6. Nesta perspectiva se coloca a minha actual viagem à Argentina que tem carácter excepcional, totalmente distinto de uma normal visita apostólico-pastoral, que fica para outra ocasião oportuna. Os motivos desta viagem expliquei-os na carta de 25 de Maio passado, que dirigi aos filhos e às filhas da Nação Argentina.

Hoje venho para orar convosco no meio destes importantes e difíceis acontecimentos que estão a desenrolar-se há já algumas semanas.

Venho rezar por todos aqueles que perderam a vida; pelas vítimas de ambas as partes; pelas famílias que sofrem, como também fiz na Grã-Bretanha.

Venho rezar pela paz, por uma digna e justa solução do conflito armado.

Vós que nesta terra argentina sois por título todo especial homens e mulheres de oração, elevai-a a Deus com maior insistência, quer individual quer comunitariamente.

Por meu lado desejei estar aqui para rezar convosco, de modo particular durante estes dois dias.

Concentraremos a oração sobretudo em dois momentos: Diante da Mãe de Deus no seu Santuário de Luján e na celebração da solenidade do Santíssimo Corpo e Sangue de Cristo.

7. Conheço o bom espírito eclesial e religioso que vos anima. Viestes em grande número a este acto. Mas representais também os outros sacerdotes ou famílias religiosas do País, que constituem as primeiras forças vivas da Igreja nesta querida Nação. A todos confio esta importante intenção. em particular às almas consagradas a Deus no silêncio dos claustros.

Nestes dias difíceis e intranquilos, é necessária na terra argentina a presença da Igreja que ora; da Igreja que dá testemunho de amor e de paz.

Que este testemunho diante de Deus e diante dos homens entre no contexto dos importantes êxitos da vossa história contemporânea.

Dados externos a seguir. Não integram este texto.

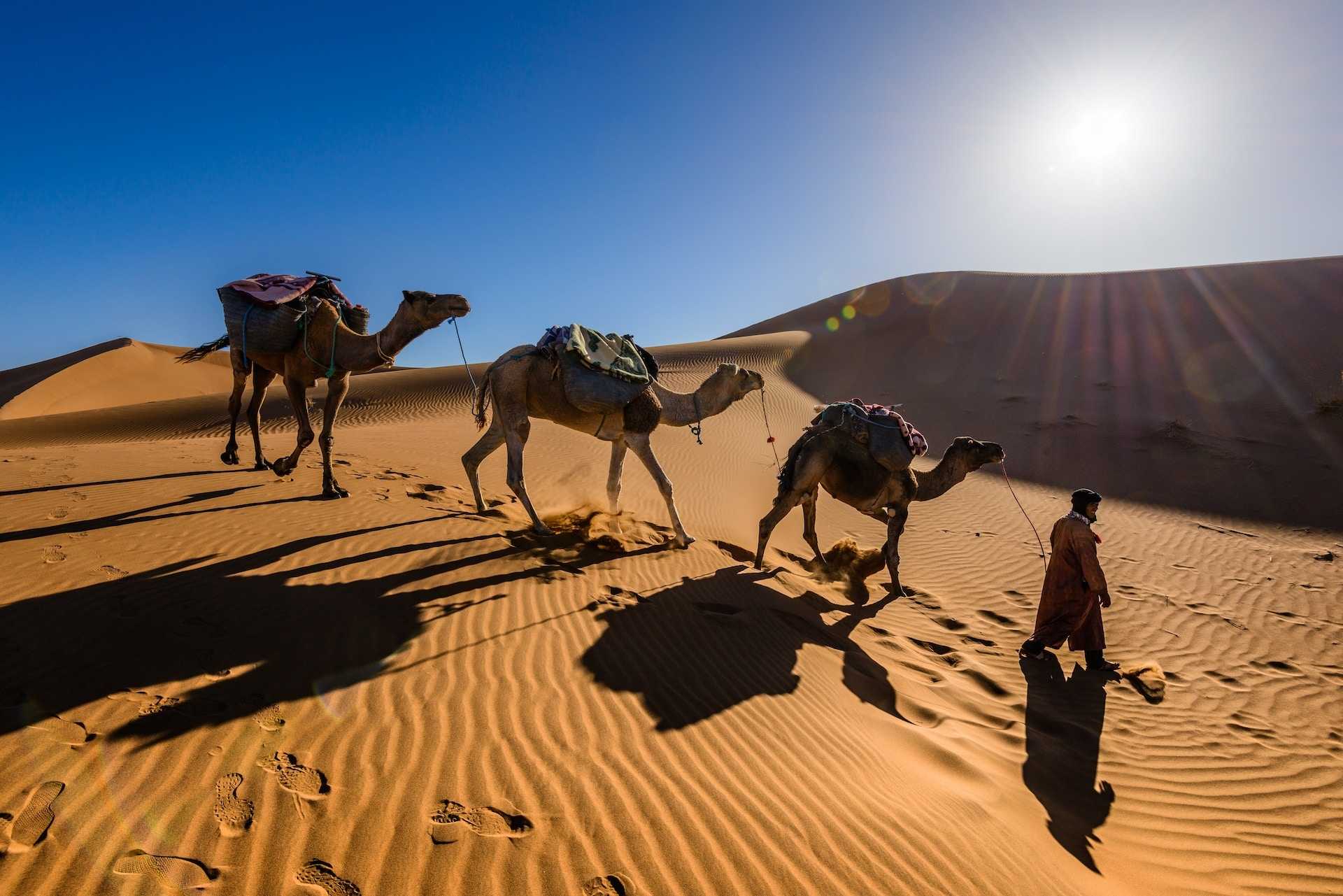 Camels carrying cargo in the Sahara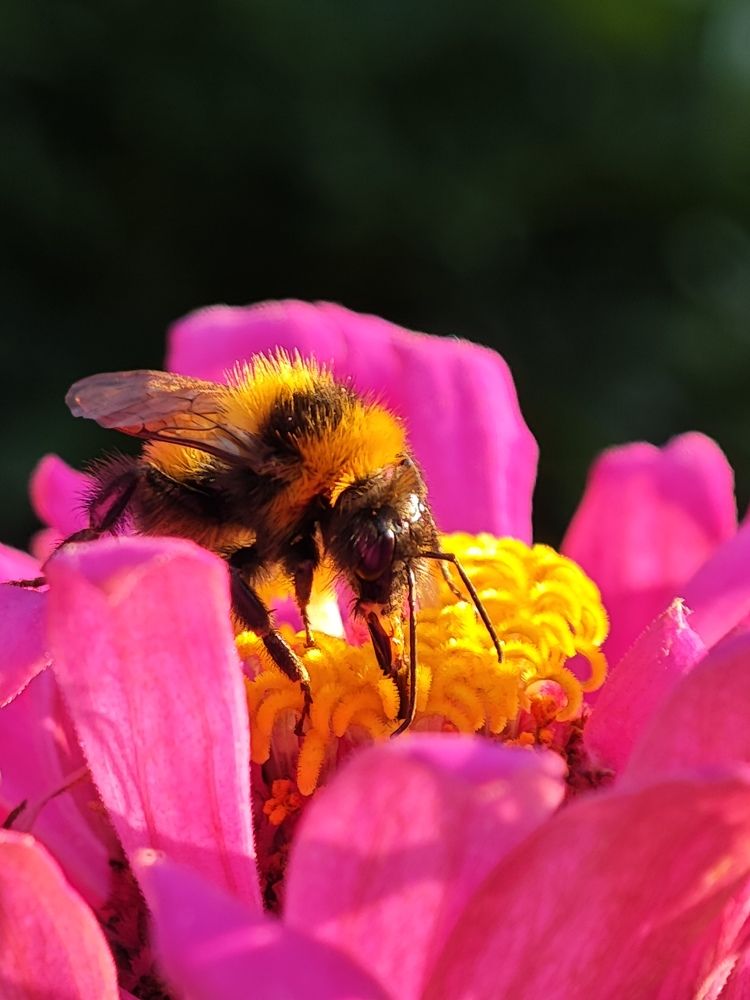 Photograph by Александр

Que levante os corações.

Porque a todos os acontecimentos da história humana está unida também a história da salvação.

Que o testemunho da presença do Bispo de Roma e da vossa união com ele dêem um impulso à história da salvação na vossa terra nativa.

Com estes votos e com profundo afecto para com todos os sacerdotes, religiosos, religiosas, seminaristas e membros dos Institutos eclesiais da Argentina, os presentes e os ausentes, dou-vos de coração a Bênção Apostólica.